The trade deficit in France increased to EUR 5.69 billion in November of 2017 from an upwardly revised EUR 5.29 billion in October and well above market expectations of a EUR 4.7 billion gap. It is the highest trade shortfall since February as exports fell for the third straight month. Energy products, specially natural hydrocarbons accounted the most for the wider deficit, amid a sharp rise in supply, price growth and lower sales. A decline in shipments of autos and parts and clothing also weighed down on exports.
Exports went down 1.6 percent month-over-month to EUR 39.3 billion, following a 0.4 percent drop in October. Sales declined for hydrocarbons (-11.3 percent), namely natural gas to Lebanon and Spain and electricity; pharmaceuticals (-8.2 percent) to Switzerland, China and Belgium; aerospace industry (-6.2 percent), namely aircraft to Germany, the US and Asia and satellites to South Korea; refined oil (-4.5 percent) to the US, Belgium, Slovenia and Dominican Republic; autos and parts (-2.7 percent) to the EU, the US, South Korea, Argentina, Brazil and Thailand; clothing and textiles (-0.8 percent).

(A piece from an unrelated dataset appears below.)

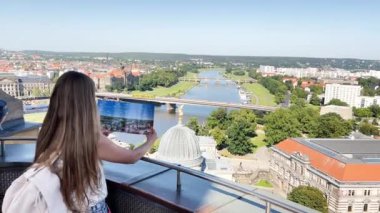 Bir turist Dresden şehrinin haritasını tutuyor ve manzaraya tepeden bakıyor. Avrupa 'da turizm ve seyahat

Imports declined 0.5 percent month-over-month to EUR 45 billion, reversing from a 0.8 percent rise in October. Biggest drops were seen in purchases of pharmaceuticals (-20.7 percent); works of art, technical documentation, publishing products (-7.2 percent); wood, paper, cardboard (-3.3 percent); autos (-2.9 percent); rubber products, plastics, various minerals (-2.8 percent) and chemicals (-2.8 percent). On the other hand, a rise in imports was recorded for natural hydrocarbons, mining products, electricity (18.1 percent), mainly due to higher oil prices; refined oil (4.4 percent); ships, trains, motorcycles (4.4 percent); textiles and clothing (3 percent), namely clothing from China and Bangladesh, and shoes from Vietnam and Indonesia.